- PROBLEM STATEMENT
Nothing outside the range below should be printed. Output exactly the lines from the line with "Used 2019 Alfa" to the line with "Shared Joys: Eastwood", both included.
------ RECORDS SHOWN ------
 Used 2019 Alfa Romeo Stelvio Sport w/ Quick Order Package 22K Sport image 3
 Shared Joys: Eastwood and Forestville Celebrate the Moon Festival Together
------
------ RECORDS SHOWN ------
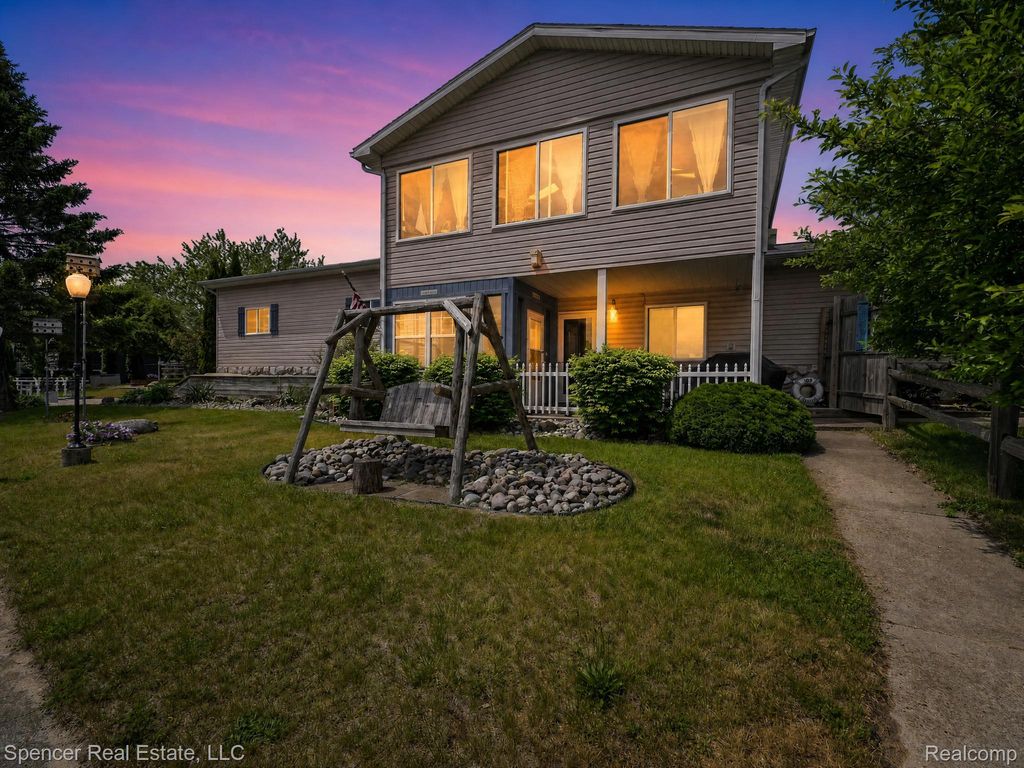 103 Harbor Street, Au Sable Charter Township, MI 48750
------
- ANSWER BOX
 Used 2019 Alfa Romeo Stelvio Sport w/ Quick Order Package 22K Sport image 3
 Shared Joys: Eastwood and Forestville Celebrate the Moon Festival Together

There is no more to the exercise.